Saturday, May 23, 2015

The politics of dead authorship.

Well, if anyone thought the Conan Doyle Estate, Ltd. was just going to call it a day after the "Free Sherlock" loss in court, they now should know differently. The Estate apparently has decided the upcoming movie "Mr. Holmes" featuring Ian McKellen is going to make enough money that it's worth suing. Not that we all didn't know this movie was in production for quite some time, or that the book it was adapted from has been on the shelves for what now . . . nine years?

The backlash on the internet has been freely verbalized -- I seem to remember the phrase "die in a fire" used at some point. (Which always seemed the secular version of "burn in Hell" to me, though it probably just is used more as "Go away, with pain.") The Doyle Estate appears to be viewed a lot like a literary "patent troll" to many, which is probably is always going to be the case when the linking between services rendered and payment becomes as tenuous as it is with non-descendent copyright holders.  Does the Estate care about being popular with the fans? Probably not, as fans don't render lawsuit judgements or stop seeing big screen Holmes movies if they don't have Estate approval.

But it's interesting to look back at the political side of the Conan Doyle copyrights where the fans are concerned, as it has gone a couple of different ways over the years. The Baker Street Irregulars and Conan Doyle's son Adrian had their issues when he controlled the copyright, but when the copyright went away and came back . . . this time in the hands of Adrian's little sister, then a nice elderly sort, members of that same group were much more in her corner. And why wouldn't they be? Nobody wants to steal cookies from a nice old lady who might let you have a look at the recipe if you treat her right.
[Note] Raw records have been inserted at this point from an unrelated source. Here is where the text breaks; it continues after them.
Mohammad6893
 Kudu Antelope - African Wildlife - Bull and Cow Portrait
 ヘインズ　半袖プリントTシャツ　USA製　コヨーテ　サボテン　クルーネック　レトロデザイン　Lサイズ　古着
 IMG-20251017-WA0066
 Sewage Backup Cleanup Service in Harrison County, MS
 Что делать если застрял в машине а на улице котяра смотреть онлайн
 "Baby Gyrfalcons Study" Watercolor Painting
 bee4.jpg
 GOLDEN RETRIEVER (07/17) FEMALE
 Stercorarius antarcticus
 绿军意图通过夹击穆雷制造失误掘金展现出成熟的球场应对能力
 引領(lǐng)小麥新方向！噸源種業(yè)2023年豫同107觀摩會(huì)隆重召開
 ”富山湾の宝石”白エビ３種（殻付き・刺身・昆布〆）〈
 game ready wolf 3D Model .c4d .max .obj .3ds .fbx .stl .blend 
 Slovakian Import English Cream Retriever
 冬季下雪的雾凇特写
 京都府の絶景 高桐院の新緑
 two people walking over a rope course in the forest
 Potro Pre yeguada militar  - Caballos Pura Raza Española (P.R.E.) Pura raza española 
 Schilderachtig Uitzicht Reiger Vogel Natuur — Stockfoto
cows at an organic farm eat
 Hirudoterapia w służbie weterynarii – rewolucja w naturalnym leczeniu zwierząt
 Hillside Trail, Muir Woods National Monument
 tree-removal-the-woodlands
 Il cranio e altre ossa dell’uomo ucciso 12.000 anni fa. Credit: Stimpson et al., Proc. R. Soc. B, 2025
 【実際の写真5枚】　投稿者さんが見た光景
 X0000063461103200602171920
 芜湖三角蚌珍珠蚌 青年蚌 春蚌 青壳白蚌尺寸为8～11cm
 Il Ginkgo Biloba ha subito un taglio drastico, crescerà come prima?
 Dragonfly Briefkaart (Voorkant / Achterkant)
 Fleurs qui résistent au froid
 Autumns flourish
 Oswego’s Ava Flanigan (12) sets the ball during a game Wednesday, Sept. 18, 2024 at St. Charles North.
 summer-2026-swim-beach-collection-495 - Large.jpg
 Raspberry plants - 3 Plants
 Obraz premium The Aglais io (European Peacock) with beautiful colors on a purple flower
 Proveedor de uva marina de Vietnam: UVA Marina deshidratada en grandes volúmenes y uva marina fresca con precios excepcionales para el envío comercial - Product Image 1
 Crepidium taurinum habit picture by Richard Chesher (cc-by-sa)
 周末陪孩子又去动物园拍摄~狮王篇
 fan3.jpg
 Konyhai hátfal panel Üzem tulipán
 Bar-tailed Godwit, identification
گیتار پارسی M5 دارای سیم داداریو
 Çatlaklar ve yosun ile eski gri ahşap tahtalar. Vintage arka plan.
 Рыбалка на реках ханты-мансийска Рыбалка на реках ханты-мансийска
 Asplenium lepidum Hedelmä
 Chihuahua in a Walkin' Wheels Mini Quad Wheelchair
These days it's a bit messier. There is no one face to the Conan Doyle estate, an Adrian or a Dame Jean, unless it's a certain fellow who couldn't be more on the outs with the Irregulars. And while the U.S. courts freed the basic character of Sherlock Holmes, the character of retired Sherlock Holmes from "The Lion's Mane" seems pretty tightly held in their legal grip with the copyright to that single story. (Though a few details of Holmes's retirement -- "a small farm upon the downs five miles from Eastbourne,"  "rheumatism," and dividing his time "between philosophy and agriculture" -- appear in the out-of-copyright preface to His Last Bow.) And Sherlock Holmes fandom is a lot bigger than the Irregulars and their scions now, energetically zigging and zagging about in ways that make you wonder if they even have time to spare to worry overmuch about court battles that probably shan't affect them.

When it's all over and done, the adventures of the Conan Doyle Estate, Ltd. is going to make a decent read in The Baker Street Journal -- maybe even a special "Christmas annual" of that same magazine. And one day those adventures will be over, as time gets to everything, eventually.

For now, though, it looks like there's a bit more to be written, about the Conan Doyle Estate, Ltd., if not about Sherlock Holmes from the pen of Sir Arthur Conan Doyle. We only get to see these sort of issues when that pen has long ago stopped writing stories or signing checks.